After what seemed like a long time, Cam moved to a vertical position and then methodically stroked his way back to the surface. He blew his snorkel clear, took a long whistling breath, and came upright in the water. He lifted the white mask up onto his forehead, covered his nose with a cupped hand and snorted. Then he grinned.
“How is it?” I yelled. His grin expanded. A wonderful white-toothed, mouth stretching, grin of sheer teen-age joy.
He yelled back, “Phil, it just doesn’t get any better!”
That was Sunday, July 2, 1955. Forty years ago. Cam was absolutely right…It just doesn’t get any better!
The More Things Change…
Forty years. Wow! Twice as long as DIVER Magazine is old. The next thought that usually comes to mind is, “Things are sure different now.” Things?
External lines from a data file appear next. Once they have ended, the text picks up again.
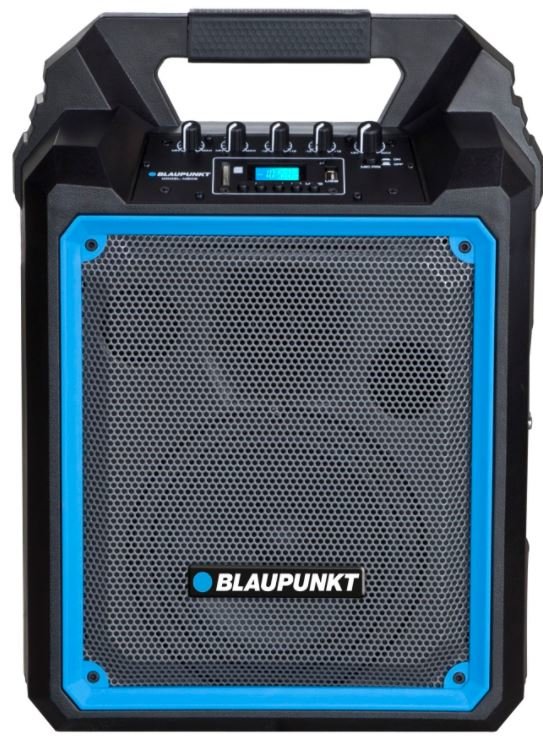 BLAUPUNKT MB06 Czarny Power audio - niskie ceny i opinie w Media Expert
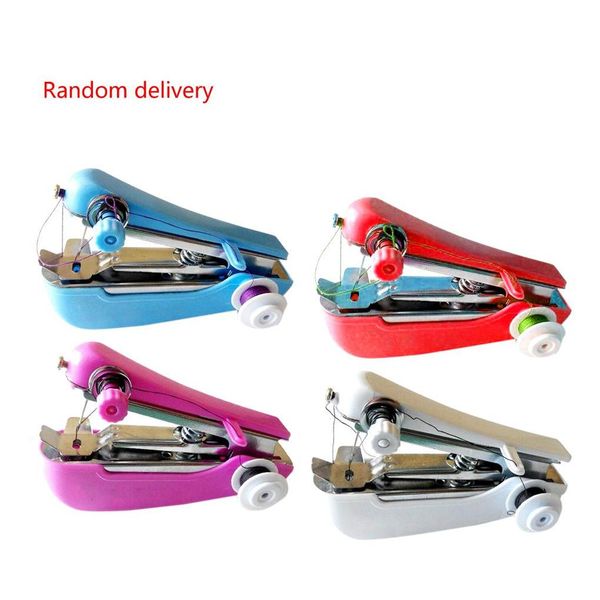 

popular lovely cordless hand-held clothes sewing machine home tra qylguf bwkf
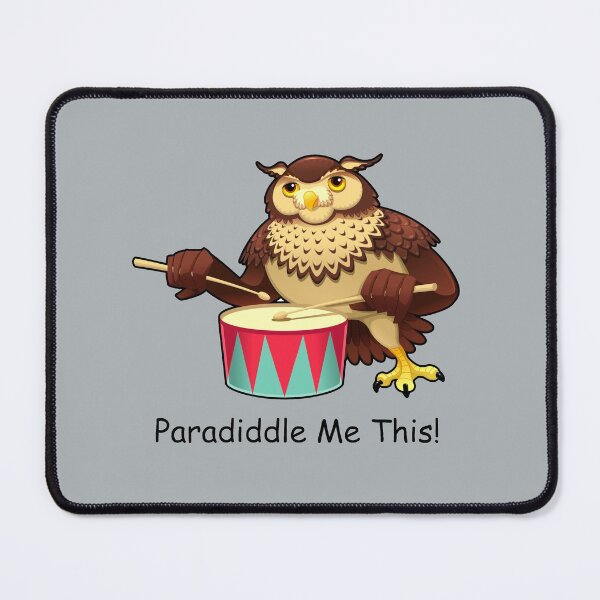 Item preview, Drummers: Paradiddle Me This! designed and sold by SomeGuyLou.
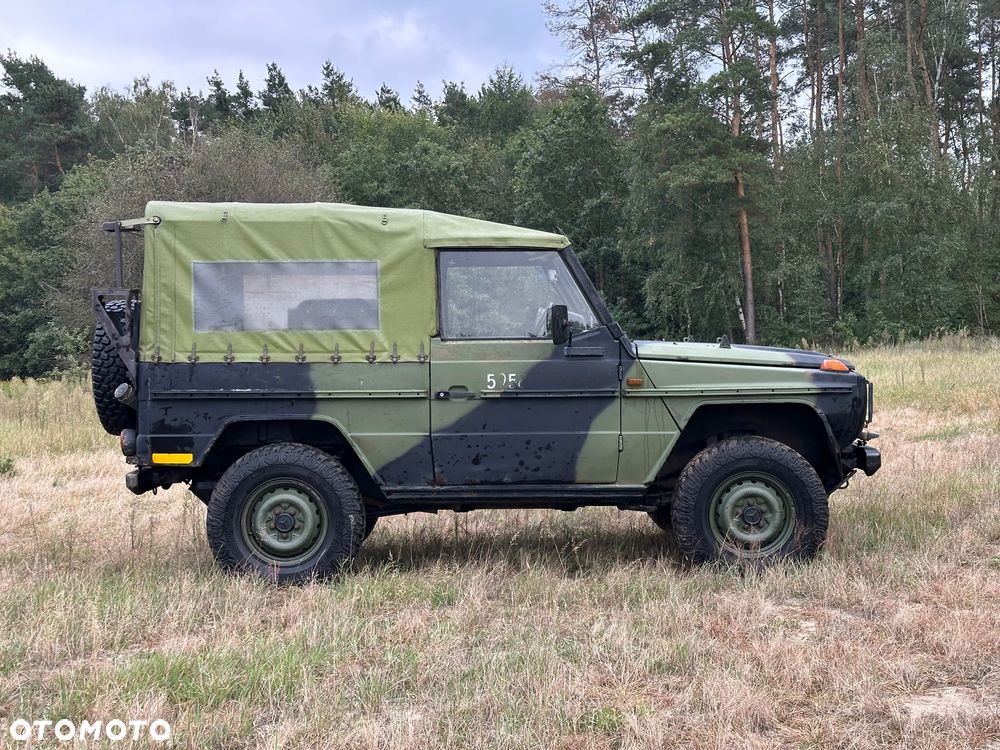 Mercedes-Benz Klasa G - 6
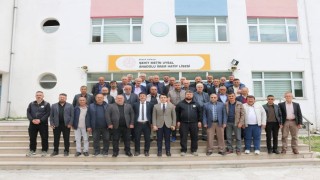 Yığılcada encümen üye seçimi yapıldı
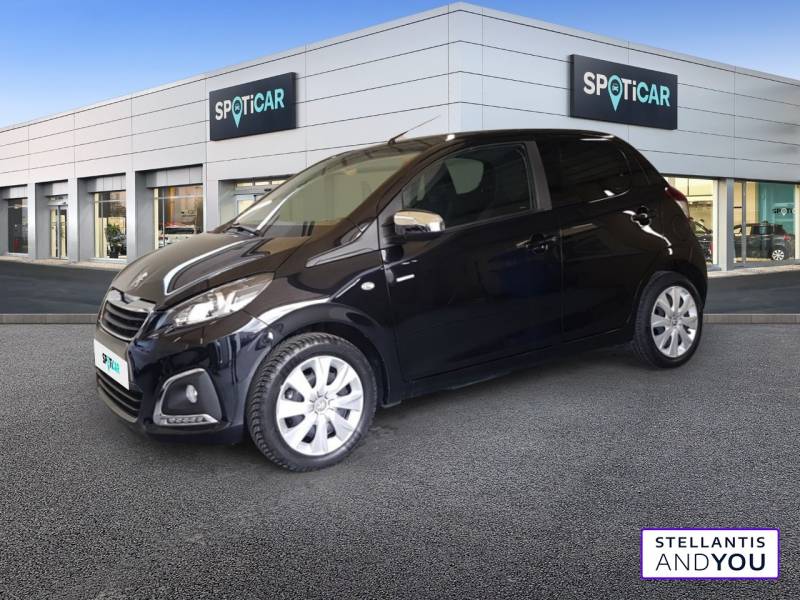 Image de l'annonce principale - Peugeot 108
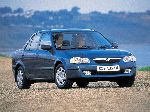 foto 2 Auto Mazda 323 Sedans (BJ 1998 2000)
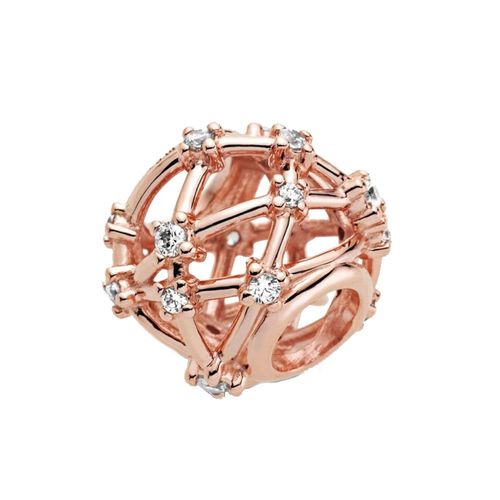 Bracelet Pandora Original En Argent Sterling 2020, Perles Ajourées, Étoiles, Constellations, Breloques, Bijoux De Noël, Nouvelle Collection Hiver 925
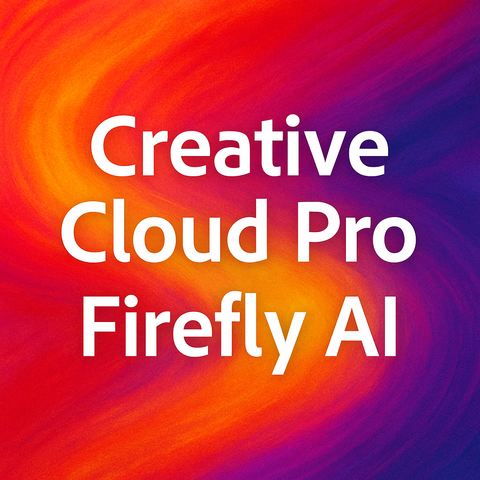 Maximera kreativiteten med Adobe Creative Cloud Pro och Firefly AI – Macpatrics guide till smartare innehållsskapande
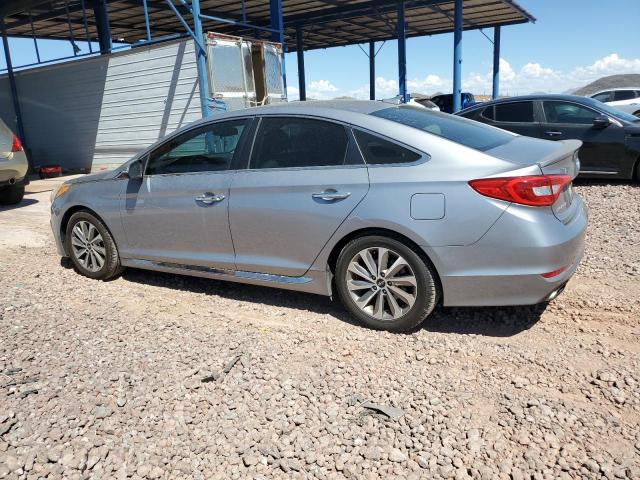 Photo 2 from auction – 2015 HYUNDAI SONATA SPO with VIN 5NPE34AF6FH086093
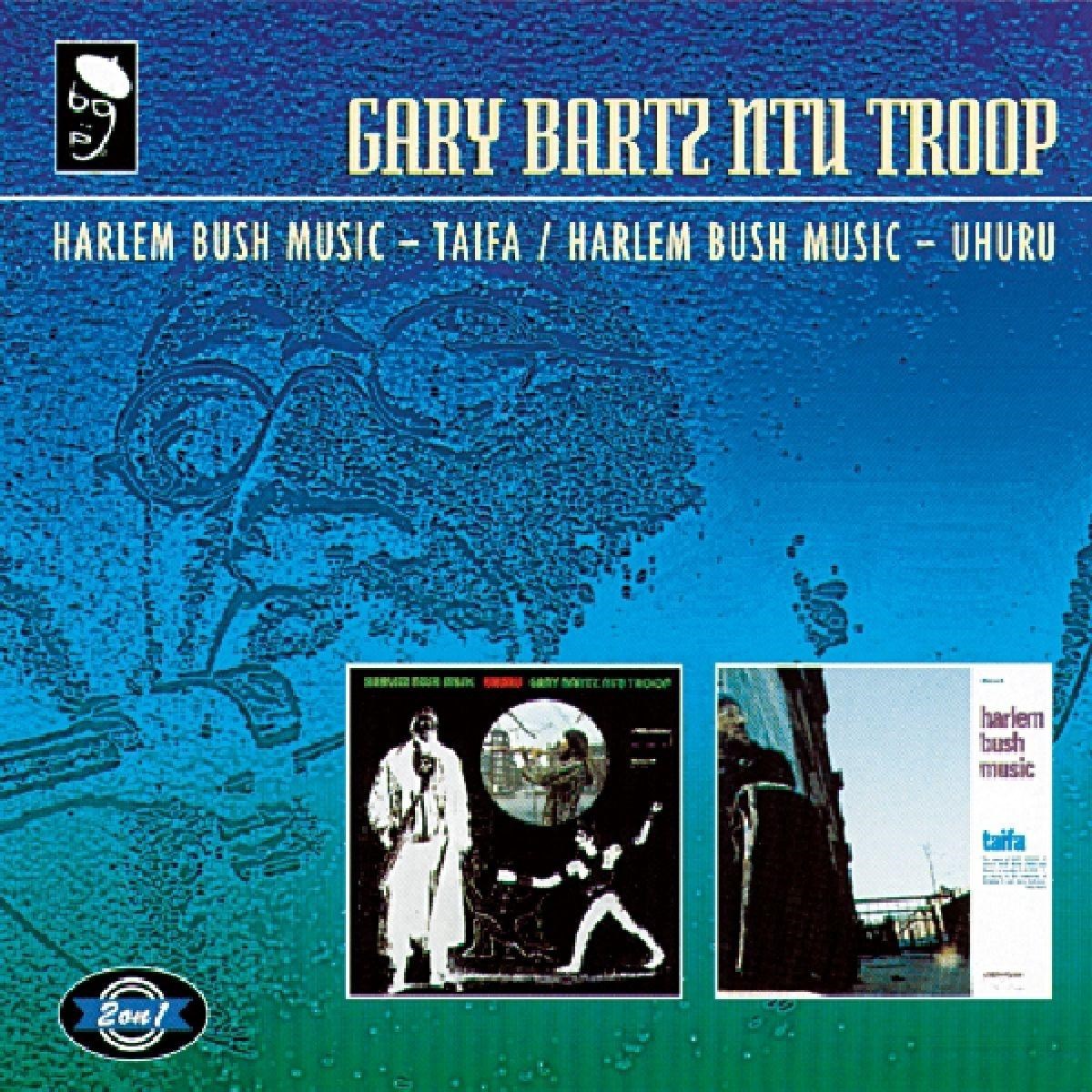 Afbeelding van Gary Bartz - Taifa/Uhuru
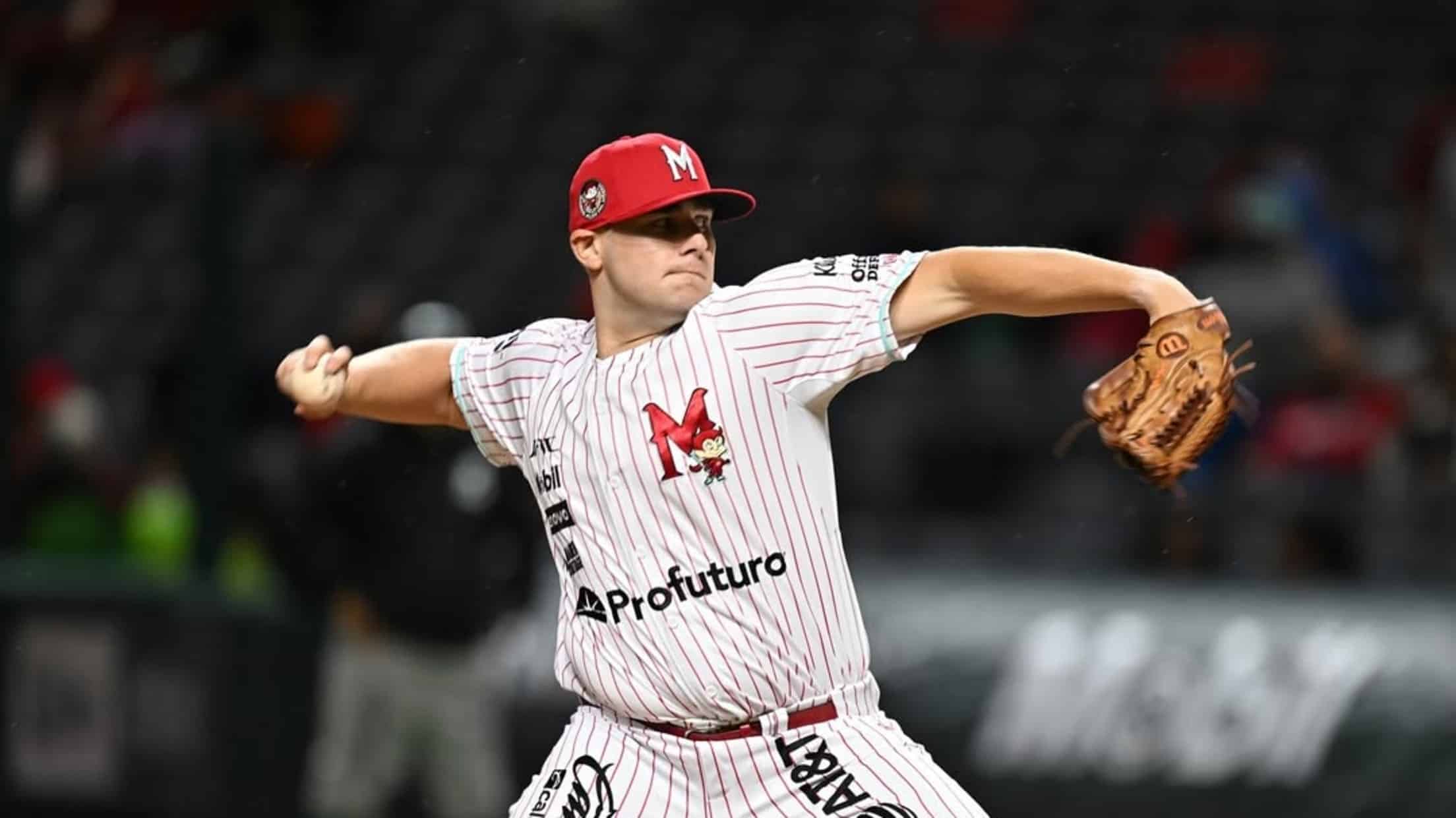 El derecho Ryan Meisinger dará profundidad al bullpen de Saraperos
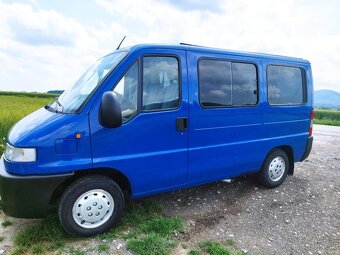 Peugeot Boxer 2000 - VEĽMI ZACHOVALÝ STAV - 17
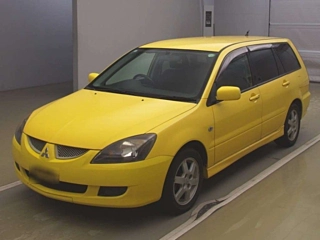 MITSUBISHI LANCER 2003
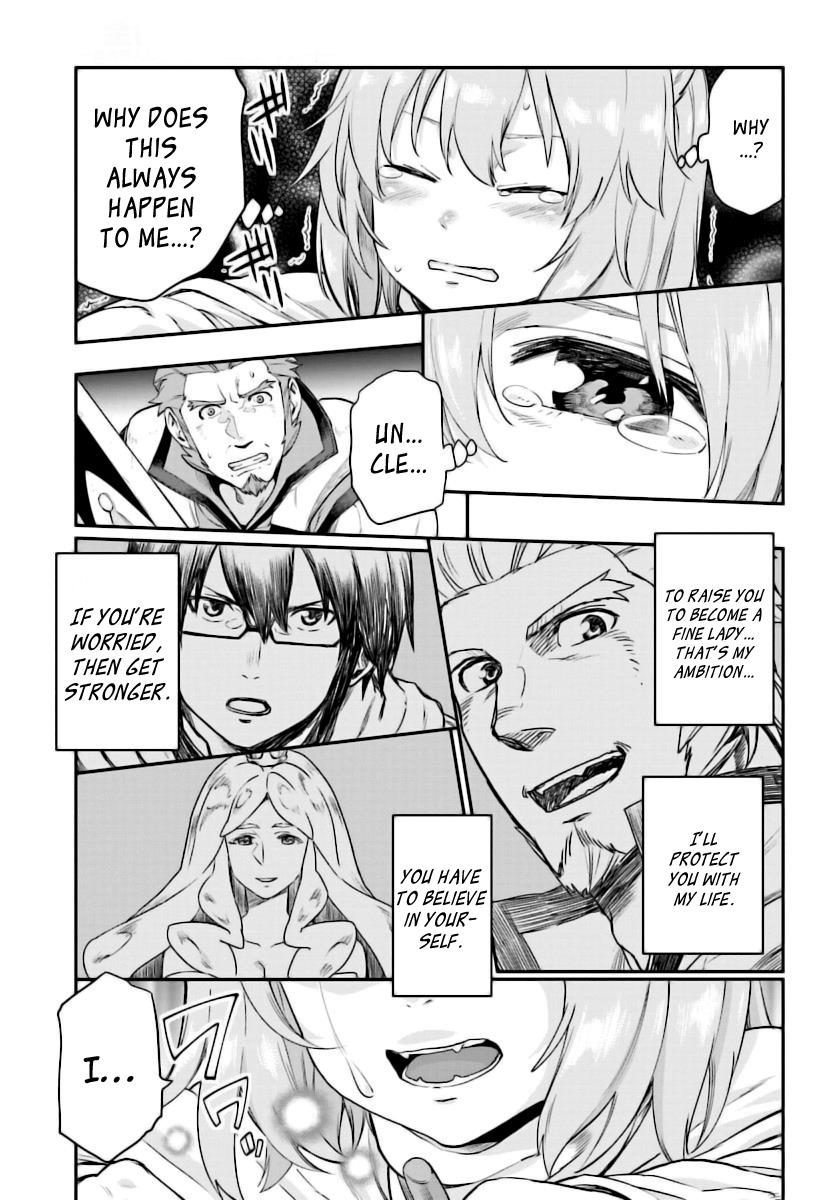 Konjiki no Word Master - Yuusha Yonin ni Makikomareta Unique Cheat Chapter 28 9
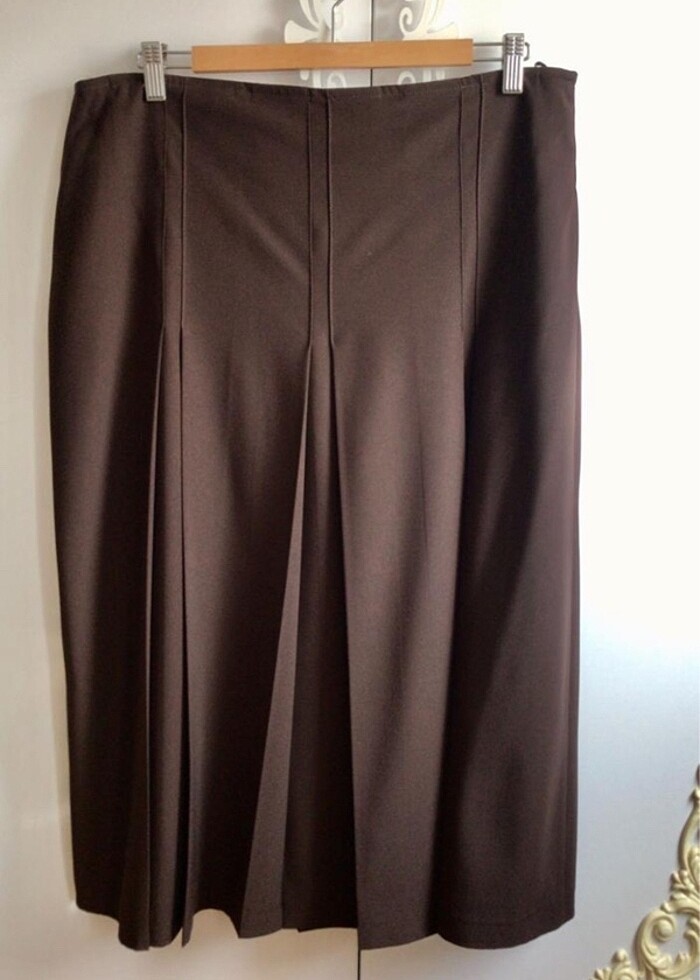 Jade Marka Uzun Etek - Görsel 4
Like what? “Well, diving equipment sure has changed!”. I wonder. In many ways, the diving gear of forty years ago is more like today’s equipment than the gear of, say, twenty-five years ago. Perhaps it’s like the man that says: “The more things change, the more they remain the same.” For example, drysuits have certainly come back with a vengeance! (Albeit with some design improvements.) Twenty-five years ago, only commercial divers wore drysuits, while virtually everyone sport diver owned a ‘custom’ wet suit. Our gumrubber dry suits of the fifties were about the same as today’s ‘shell’ suits – some even had zipper entry and an external inlet valve. Most were neck, waist, or front-entry, however, and were equalized by blowing air from your mask under the face seal. (No neck seals!) How do you get it out on the ascent? Well, some suits had one-way, ‘flutter valves’ on the back of the neck or the top of the hood. Most of us eschewed such frills and depended on throwing the head back, stretching the neck like a goose, and expanding air would burst out of the two hollows of your throat. (Boy, I’d hate to have to do that, now that I look like ‘Jabba the Hutt!”)…..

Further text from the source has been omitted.